Handle authentication with proxy. If there is password_mgr, it should be compatible with httppasswordmgr; see the interface information that some Httppasswordmgr objects must support

Class Urllib.request.HTTPHandler

A class to handle HTTP URLs

Class Urllib.request.HTTPSHandler (Debuglevel=0, Context=none, Check_hostname=none)

A class to handle the open HTTPS URL. In the context text and check_hostname have the same meaning http.client.HTTPSConnection.

Version 3.2 changes: Context and check_hostname are supplemented.

Class Urllib.request.FileHandler

Open Local File

Class Urllib.request.DataHandler

URL for Open Data

Class Urllib.request.FTPHandler

An open FTP URL

Class Urllib.request.CacheFTPHandler

Open FTP URL, keep open FTP connection cache to reduce latency

Class Urllib.request.UnknownHandler

The full class handles unknown URLs.

Class Urllib.request.HTTPErrorProcessor

HTTP error response procedure.

Changes and introduction of urllib modules in Python3

Contact Us

The content source of this page is from Internet, which doesn't represent Alibaba Cloud's opinion; products and services mentioned on that page don't have any relationship with Alibaba Cloud. If the content of the page makes you feel confusing, please write us an email, we will handle the problem within 5 days after receiving your email.

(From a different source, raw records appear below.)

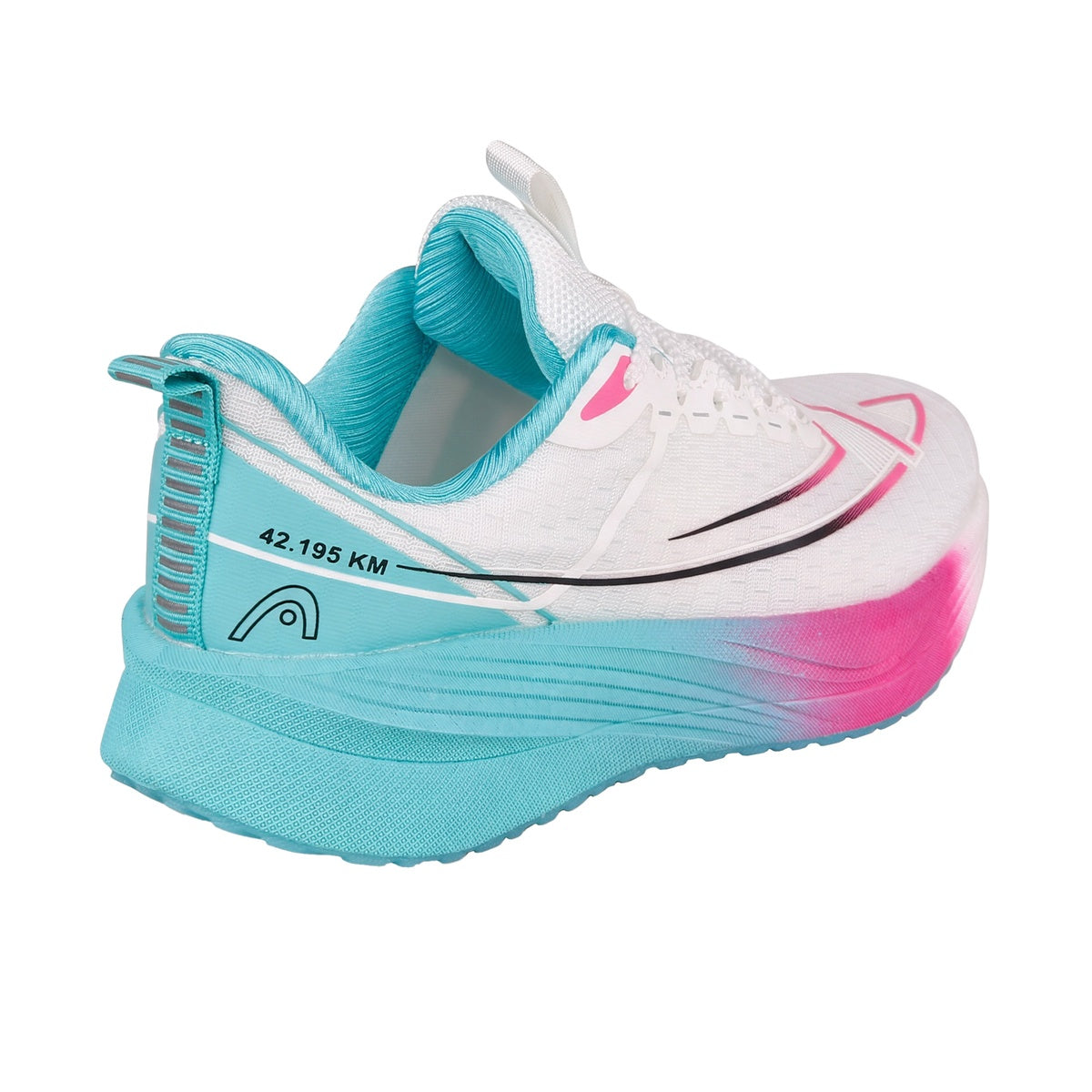 Zapatillas De Running Head Ultra Carbon Mujer Blanca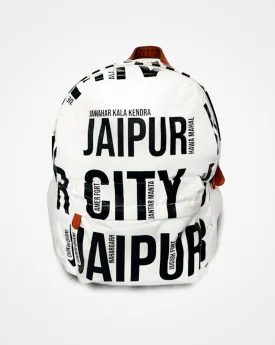 JAIPUR AIR - The World's Lightest Backpack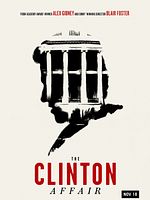 Poster der The Clinton Affair
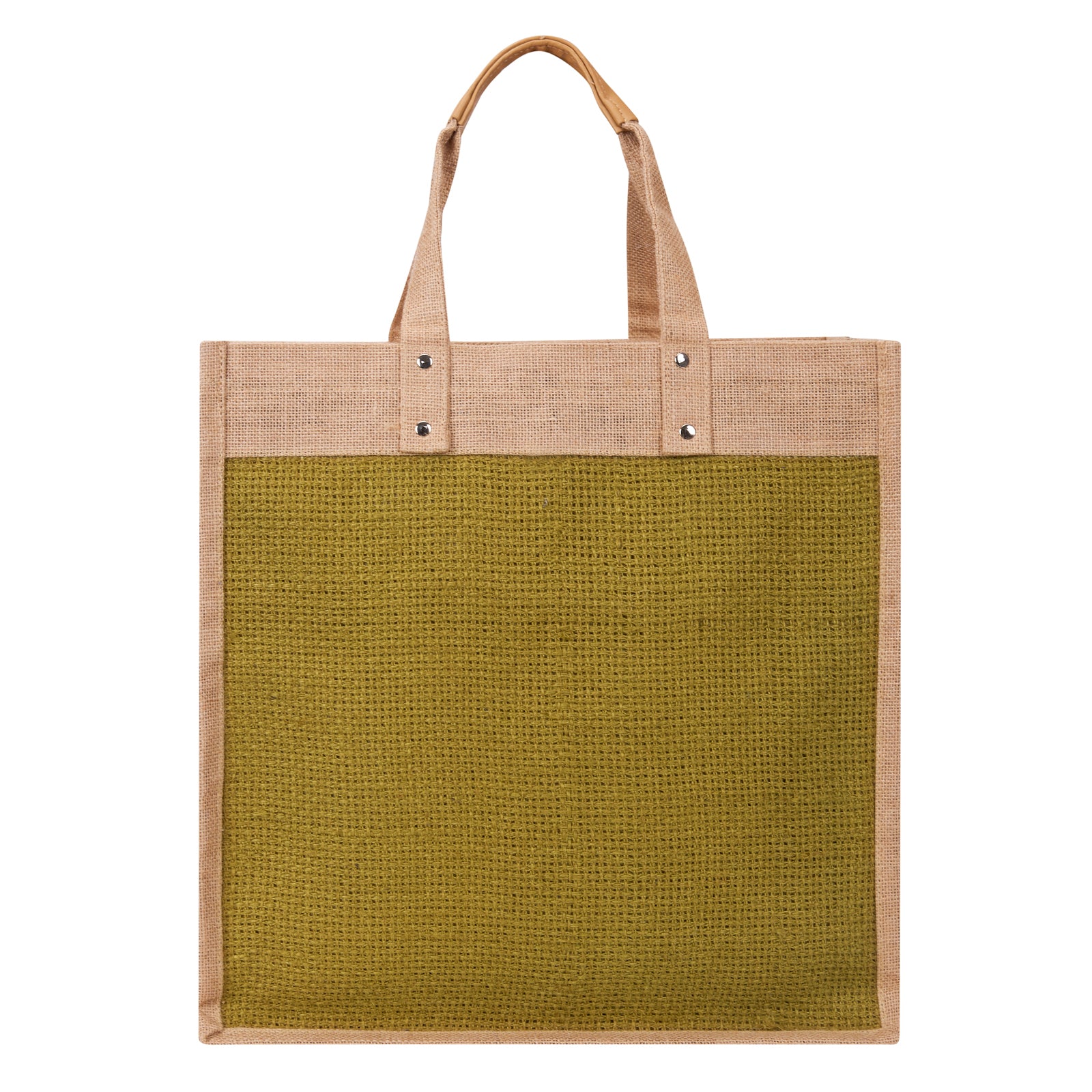 jute birthday bag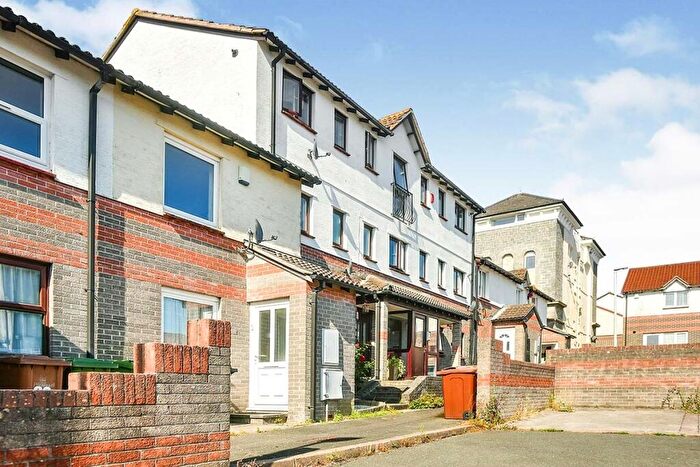 2 Bedroom Terraced House To Rent In Washbourne Close, Plymouth, PL1
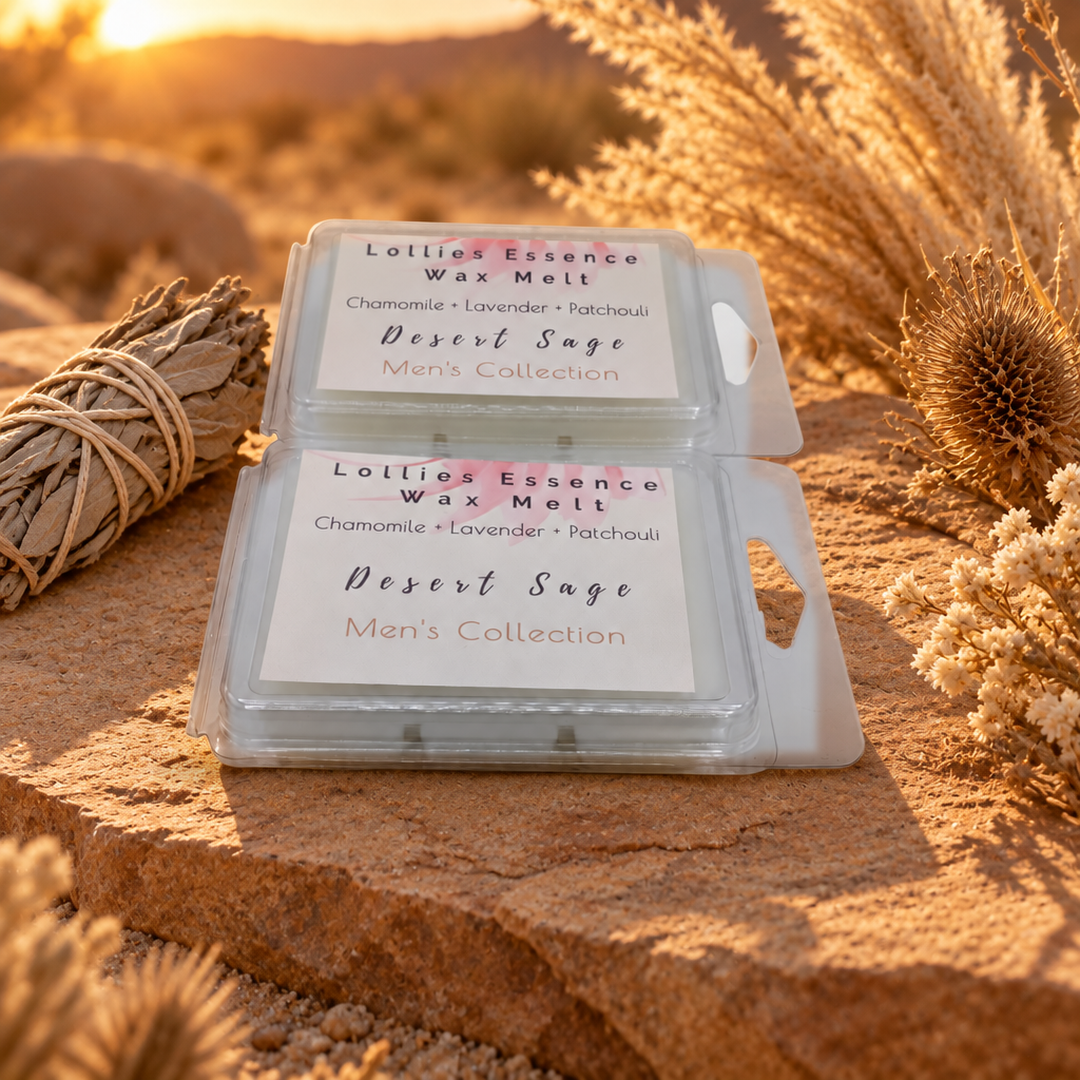 Desert Sage Wax Melts (2-Pack)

If you find any instances of plagiarism from the community, please send an email to: info-contact@alibabacloud.com and provide relevant evidence. A staff member will contact you within 5 working days.

A Free Trial That Lets You Build Big!

Start building with 50+ products and up to 12 months usage for Elastic Compute Service

  • Sales Support

    1 on 1 presale consultation

  • After-Sales Support

    24/7 Technical Support 6 Free Tickets per Quarter Faster Response

  • Alibaba Cloud offers highly flexible support services tailored to meet your exact needs.